A tal punto Roughead legitimó el género, dice Sante, que al menos, “se lo puede calificar de El Henry James del crimen”.  
Nadie ha seguido en las huellas trazadas por Roughead, pues para eso se necesita su enorme erudición, y un placer en desenterrar –sin importar si están vivos o están muertos– personajes increíbles, con motivos tan retorcidos que hasta el rey Ricardo Tercero, el más famoso de los villanos ingleses, parece un ingenuo estudiante de leyes, y la corte de los Borgia, una academia de corte y confección. Por cierto, el papel que desempeñó el veneno en varios de los crímenes reseñados por Roughead muestra que, cuando más envejece una sociedad, más métodos plausibles inventan sus miembros para librarse de los obstáculos que entorpecen su felicidad.  Pero Roughead tenía otra cualidad: desdeñaba el crimen perfecto, el impecable setting, las cuasi matemáticas fórmulas para matar a un ser humano. Él estaba convencido de lo contrario. Hasta el más minucioso de los villanos cometía increíbles torpezas. En ocasiones, y eso abre el camino a la ironía, el éxito de un homicidio no consistía en su esmero, sino en su chapucería. No solo la ineptitud facilitaba el asesinato; permitía además al criminal defender su inocencia.

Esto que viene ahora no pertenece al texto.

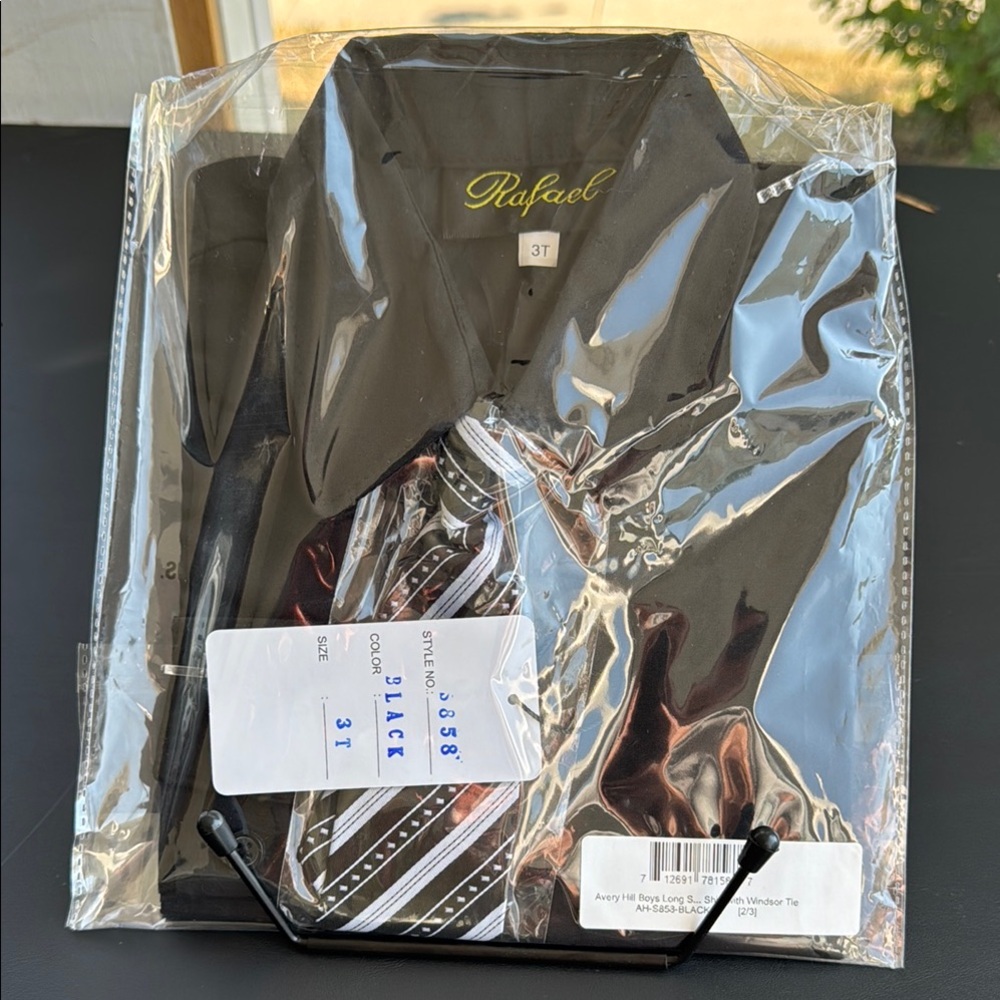 RAFAEL Black Shirt with Striped Tie Set 3T Boys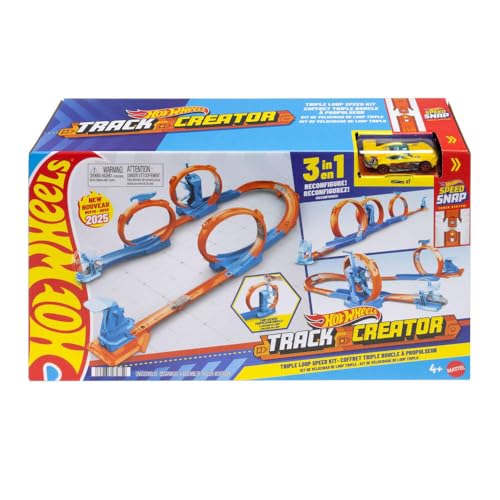 Hot Wheels Pack de triple looping Conjunto de pista con coche de juguete, conjunto con vehículo a escala 1:64 y componentes de construcción con 3 loopings, pistas Speed Snap y adaptadores, JDW39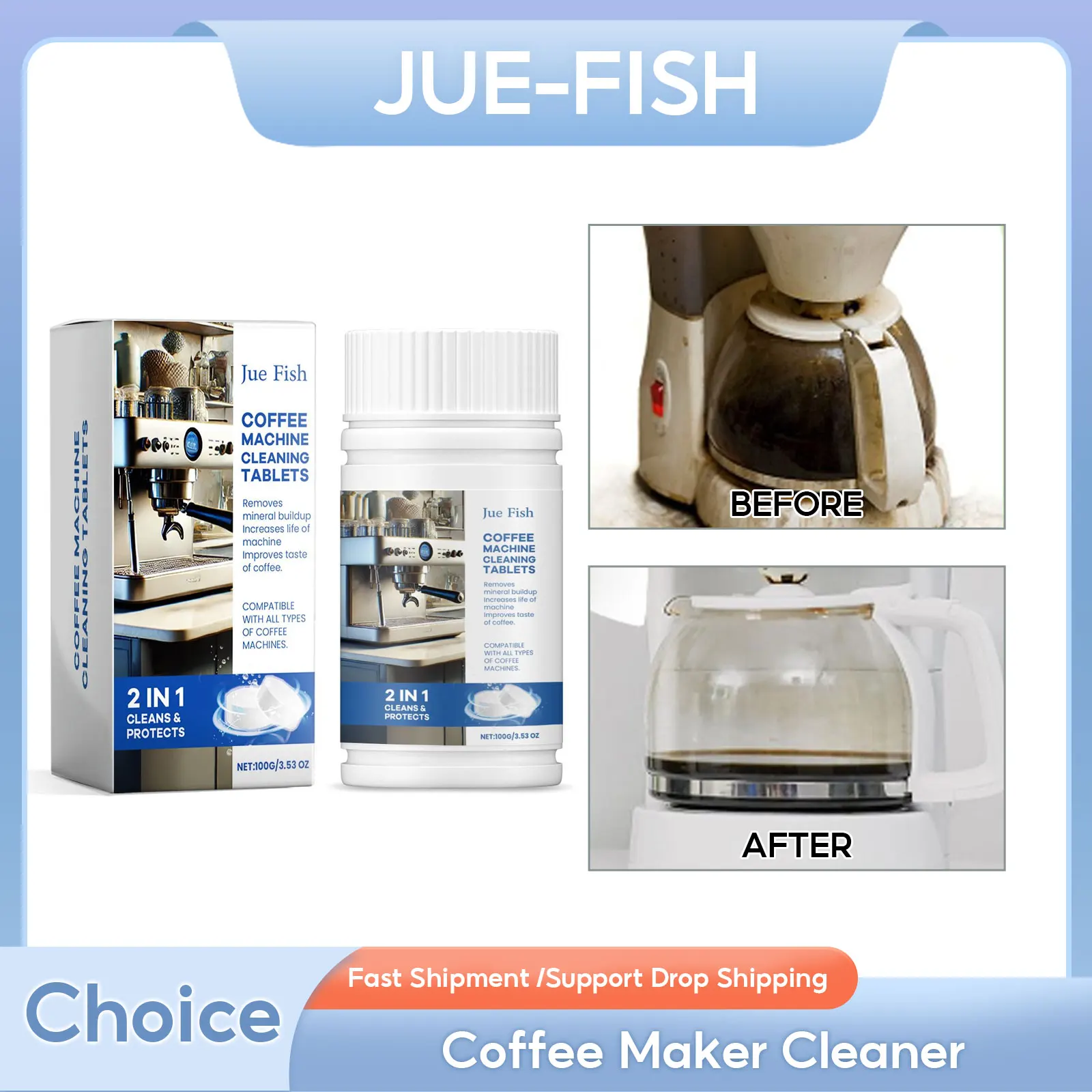 

Coffee Machine Descaler Coffee Effervescent Cleaning Water Bottle Cleaning Tablets Teacup Descaling Coffee Maker Cleaner Tablet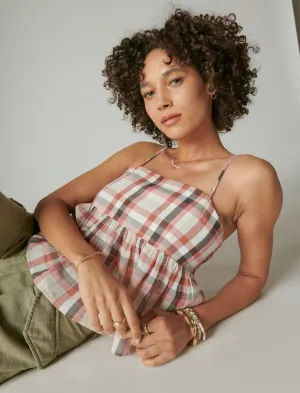 Lucky Brand Karo Babydoll Tank Top Rost Karo Lucky Brand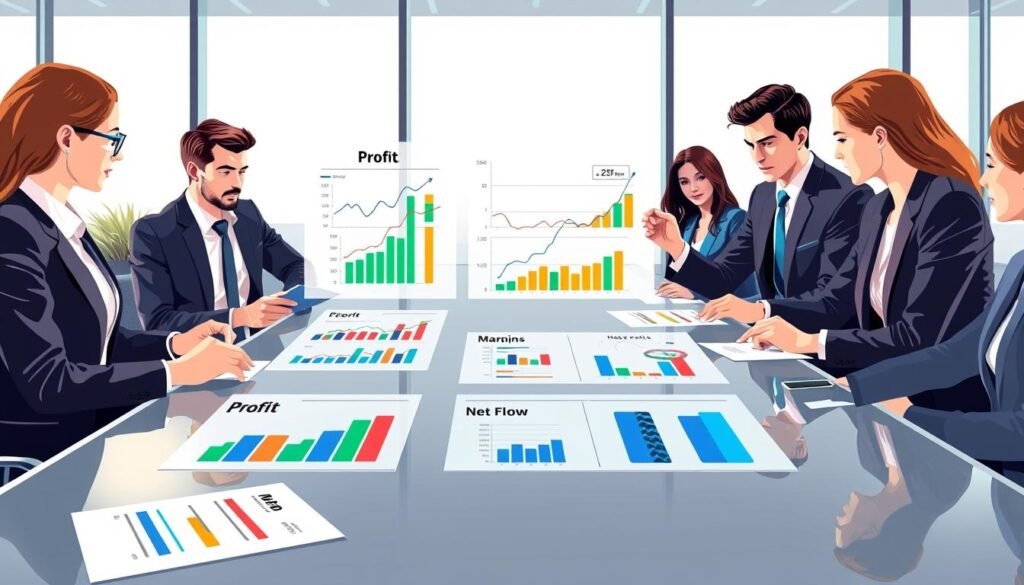 A visually engaging and informative illustration that depicts the concept of profit and net profit calculation in a business context. In the foreground, a diverse group of professionals in business attire are analyzing financial documents and charts on a sleek conference table. In the middle, there are clear graphical representations of profit margins, cash flow diagrams, and net profit calculations, with vibrant colors distinguishing each element. The background features a modern office environment with large windows letting in natural light, creating a bright and optimistic atmosphere. The scene conveys a mood of professionalism, collaboration, and clarity, emphasizing the complexity beyond simple profit in the business world. Use a slightly elevated angle to capture the interactions and charts effectively, showcasing the determination and focus of the professionals engaged in discussion.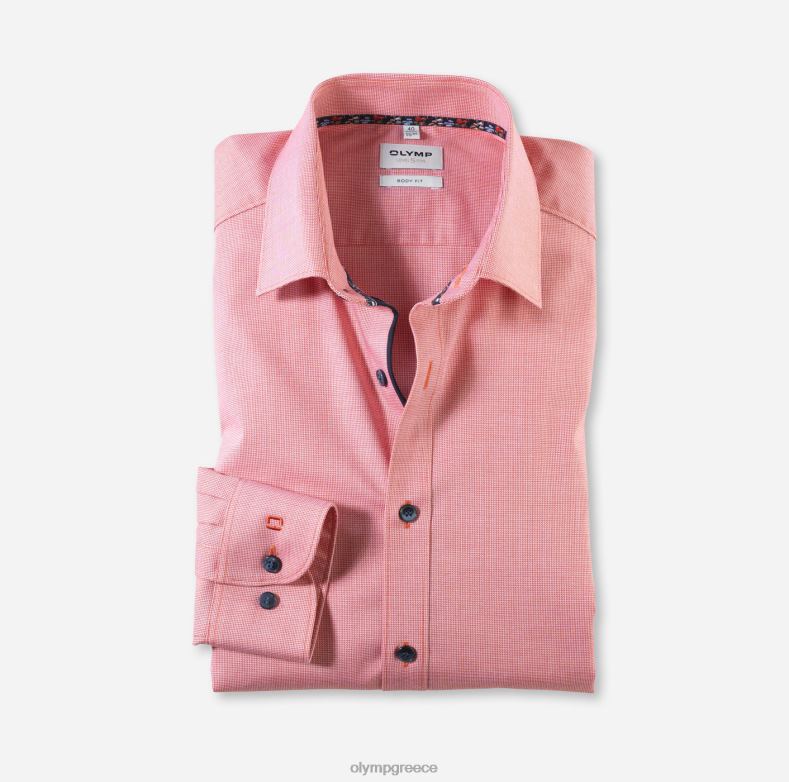 OLYMP Επίπεδο πέντε, επαγγελματικό πουκάμισο, μακρυμάνικο έξτρα μακρύ, new york kent, κόκκινο H240R908 είδη ένδυσης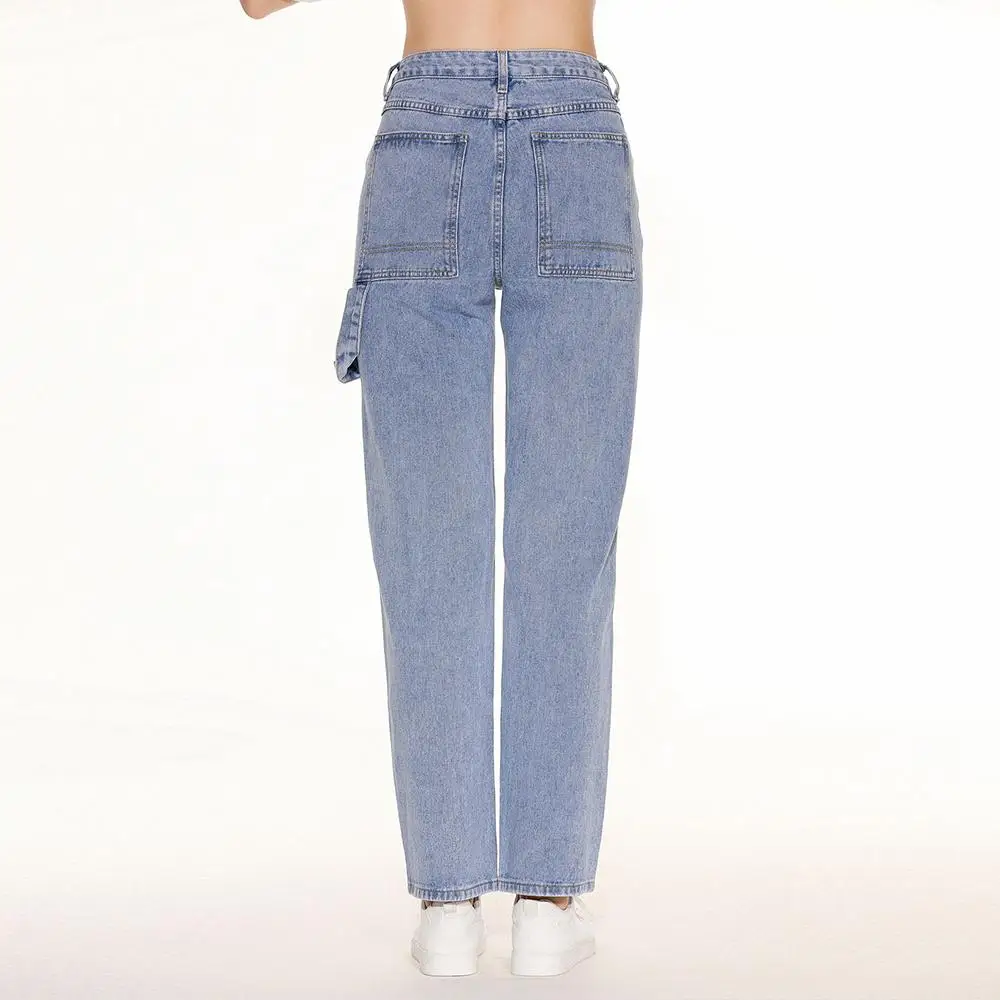 

2020 High Waist Straight Jeans Women Baagy Boyfriend Overalls Loose Wide Leg Denim Pants Washed Retro Autumn Winter Long Jean
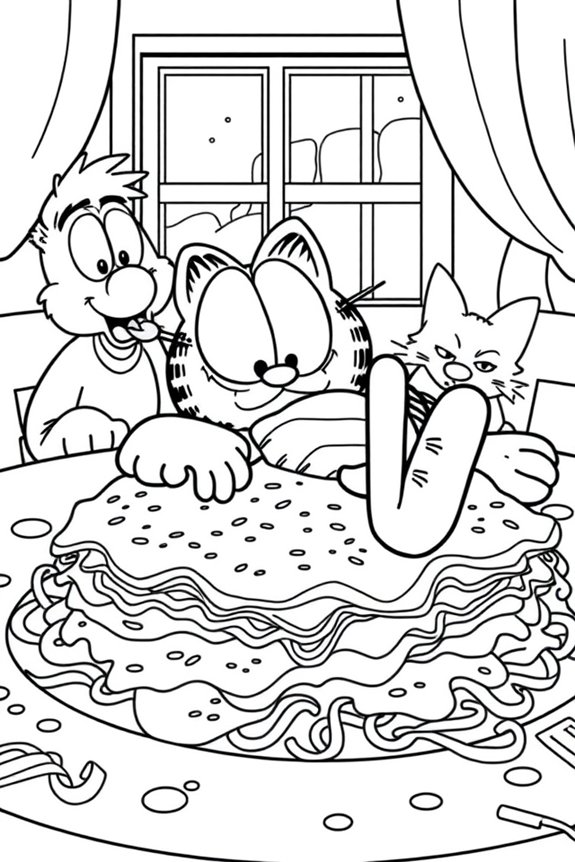 kostenlose Garfield-Ausmalvorlage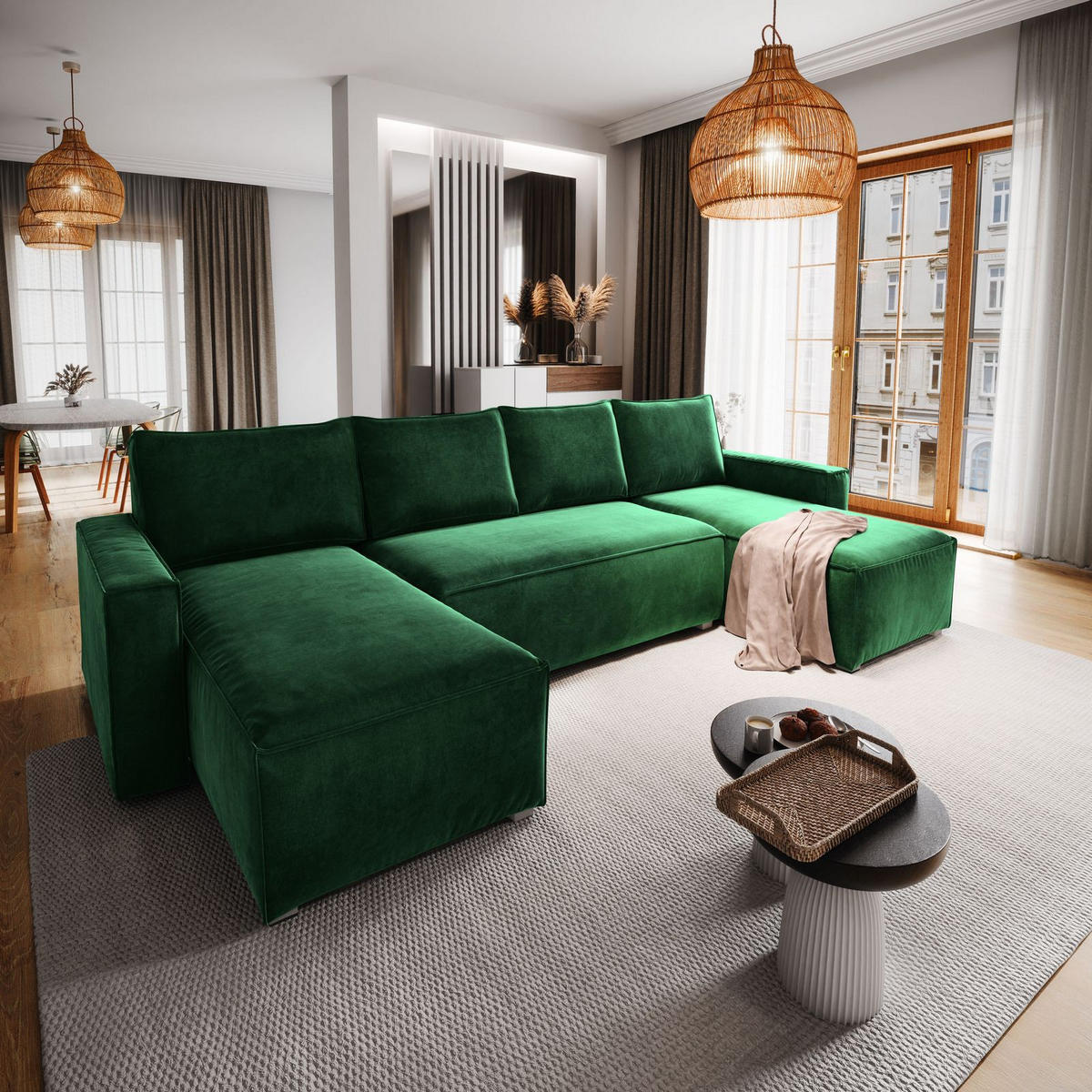 WOHNLANDSCHAFT DENI Grün Velours-Stoff mit Schlaffunktion - Grün, Holz (295/85/140cm) - MASSENO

Dicen que Roughead utilizó en sus escritos prácticamente todas las palabras del idioma inglés. Una de sus grandes virtudes fue recrear la teatralidad del proceso penal, obviando la parte más tediosa: las escenas en el tribunal. Sabía, como los buenos directores, en qué momento cortar la discusión entre el fiscal y el abogado defensor, e incursionar en otros territorios  del crimen.

Aparte de sus irrupciones en el crimen vicario, Roughead fue también un historiador, curiosamente fascinado por las desdichas del rey James VI de Escocia. Pero sus fanáticos, como aquellos de Arthur Conan Doyle, nunca se sintieron muy satisfechos por esos devaneos que lo alejaban de un buen asesinato. En cierta ocasión Henry James, desencantado tras leer un volumen de Roughead dedicado a la historia de Escocia, le escribió una carta implorándole retornar “a esos queridos, antiguos, humanos y afables crímenes, adulterios y falsificaciones que nos hacen sentir tan cómodos en casa”. Afortunadamente, Roughead acató la orden. Hoy nadie recuerda sus volúmenes de historia. Pero sus relatos de crímenes, aunque de manera esporádica, nunca salen de circulación.